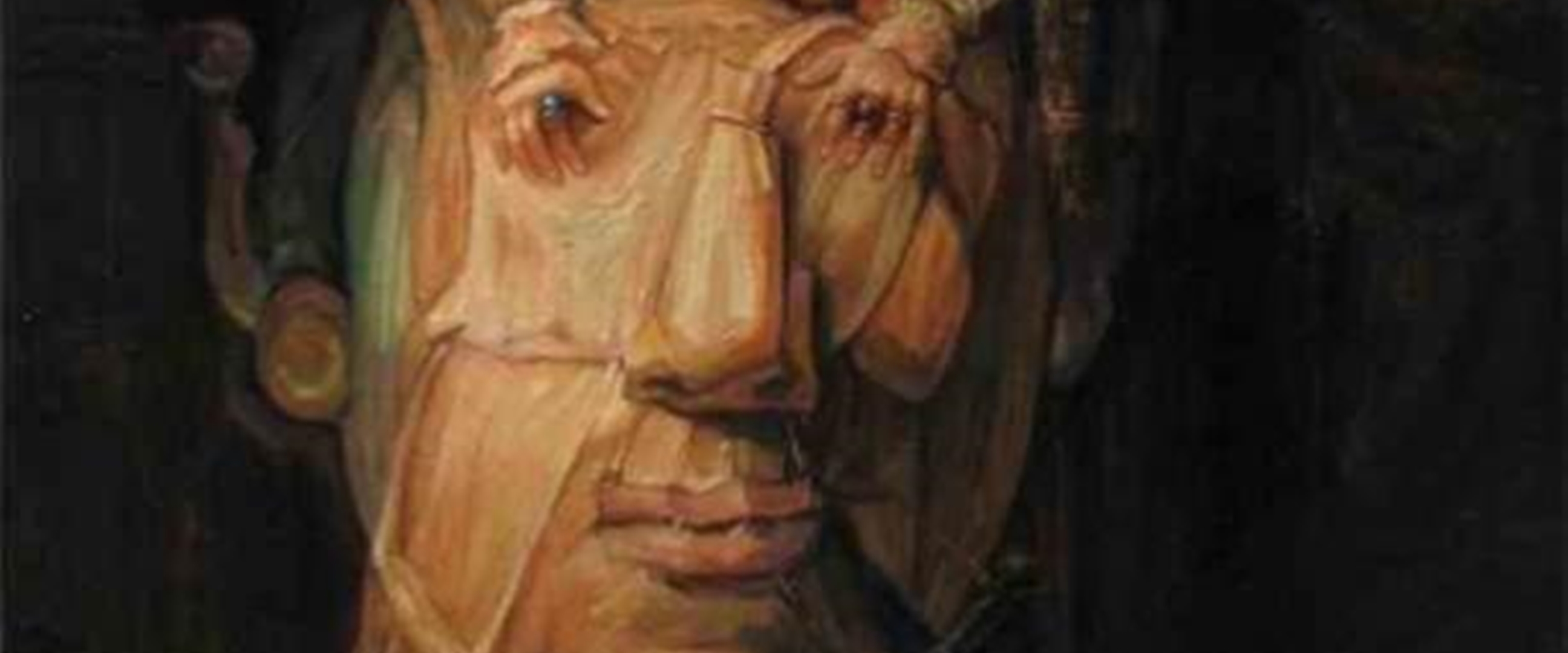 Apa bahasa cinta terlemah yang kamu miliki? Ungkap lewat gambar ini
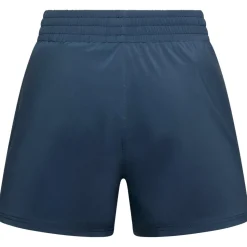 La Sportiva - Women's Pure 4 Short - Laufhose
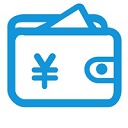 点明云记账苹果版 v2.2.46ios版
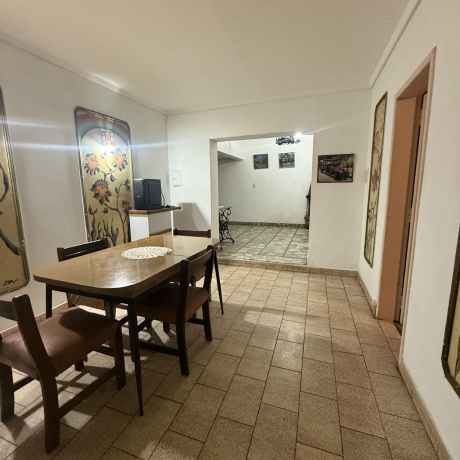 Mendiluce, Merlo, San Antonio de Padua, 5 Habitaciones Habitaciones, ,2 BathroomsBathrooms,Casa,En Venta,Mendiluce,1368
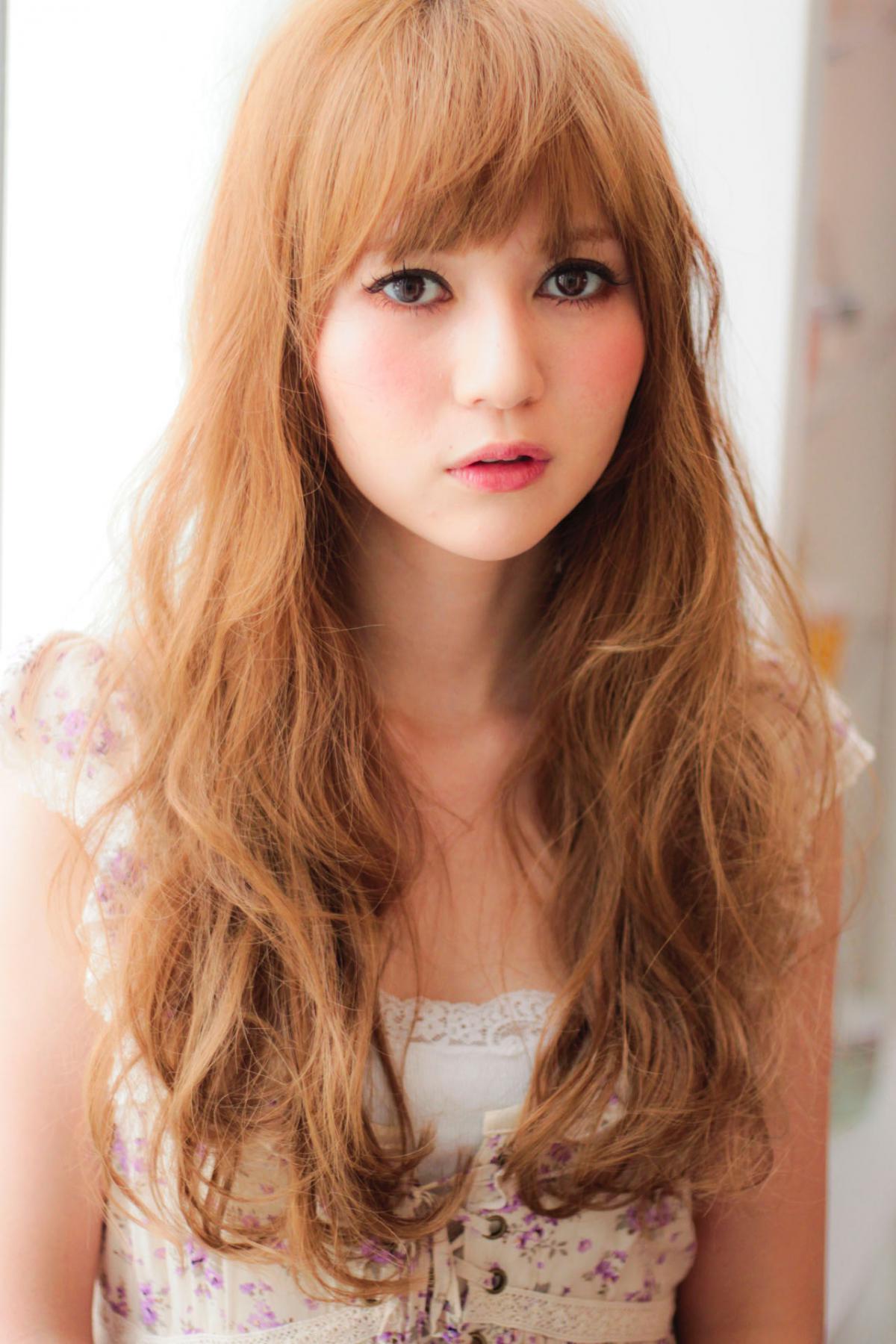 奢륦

========================

### Directions
Go through the listing above and retype it exactly, skipping every picture.

### Answer below
 Apa bahasa cinta terlemah yang kamu miliki? Ungkap lewat gambar ini
 La Sportiva - Women's Pure 4 Short - Laufhose
 点明云记账苹果版 v2.2.46ios版
 Mendiluce, Merlo, San Antonio de Padua, 5 Habitaciones Habitaciones, ,2 BathroomsBathrooms,Casa,En Venta,Mendiluce,1368
 奢륦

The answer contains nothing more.